Work instructions -
The first line of the entries through the line bearing "Illusion Optical Rave": copy these lines exactly and return nothing else.
(Beginning of Extracted material)
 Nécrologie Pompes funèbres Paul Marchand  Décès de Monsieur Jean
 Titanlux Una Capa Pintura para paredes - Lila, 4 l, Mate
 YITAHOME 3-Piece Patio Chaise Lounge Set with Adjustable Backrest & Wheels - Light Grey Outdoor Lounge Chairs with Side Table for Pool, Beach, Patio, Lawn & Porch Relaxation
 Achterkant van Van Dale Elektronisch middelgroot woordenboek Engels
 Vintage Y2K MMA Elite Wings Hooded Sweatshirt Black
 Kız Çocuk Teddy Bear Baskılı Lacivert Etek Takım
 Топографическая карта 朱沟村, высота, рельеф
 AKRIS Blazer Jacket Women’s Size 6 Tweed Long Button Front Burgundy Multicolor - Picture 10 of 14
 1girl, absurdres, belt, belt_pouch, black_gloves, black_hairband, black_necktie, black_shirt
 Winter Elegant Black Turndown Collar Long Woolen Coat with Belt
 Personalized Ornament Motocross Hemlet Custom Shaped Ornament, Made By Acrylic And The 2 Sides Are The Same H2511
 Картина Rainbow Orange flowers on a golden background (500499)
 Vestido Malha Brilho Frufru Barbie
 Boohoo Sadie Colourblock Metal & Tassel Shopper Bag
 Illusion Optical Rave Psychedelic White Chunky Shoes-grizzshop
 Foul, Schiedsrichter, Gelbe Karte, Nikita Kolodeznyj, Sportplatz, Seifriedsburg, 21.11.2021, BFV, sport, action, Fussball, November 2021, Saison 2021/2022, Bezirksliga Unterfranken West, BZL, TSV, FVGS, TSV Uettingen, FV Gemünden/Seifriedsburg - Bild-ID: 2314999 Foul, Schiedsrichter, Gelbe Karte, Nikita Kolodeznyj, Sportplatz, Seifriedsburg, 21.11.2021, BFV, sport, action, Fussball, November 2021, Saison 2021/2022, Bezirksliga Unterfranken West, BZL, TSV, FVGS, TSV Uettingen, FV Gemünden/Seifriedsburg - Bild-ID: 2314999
(End of Extracted material)
Answer to the exercise -
 Nécrologie Pompes funèbres Paul Marchand  Décès de Monsieur Jean
 Titanlux Una Capa Pintura para paredes - Lila, 4 l, Mate
 YITAHOME 3-Piece Patio Chaise Lounge Set with Adjustable Backrest & Wheels - Light Grey Outdoor Lounge Chairs with Side Table for Pool, Beach, Patio, Lawn & Porch Relaxation
 Achterkant van Van Dale Elektronisch middelgroot woordenboek Engels
 Vintage Y2K MMA Elite Wings Hooded Sweatshirt Black
 Kız Çocuk Teddy Bear Baskılı Lacivert Etek Takım
 Топографическая карта 朱沟村, высота, рельеф
 AKRIS Blazer Jacket Women’s Size 6 Tweed Long Button Front Burgundy Multicolor - Picture 10 of 14
 1girl, absurdres, belt, belt_pouch, black_gloves, black_hairband, black_necktie, black_shirt
 Winter Elegant Black Turndown Collar Long Woolen Coat with Belt
 Personalized Ornament Motocross Hemlet Custom Shaped Ornament, Made By Acrylic And The 2 Sides Are The Same H2511
 Картина Rainbow Orange flowers on a golden background (500499)
 Vestido Malha Brilho Frufru Barbie
 Boohoo Sadie Colourblock Metal & Tassel Shopper Bag
 Illusion Optical Rave Psychedelic White Chunky Shoes-grizzshop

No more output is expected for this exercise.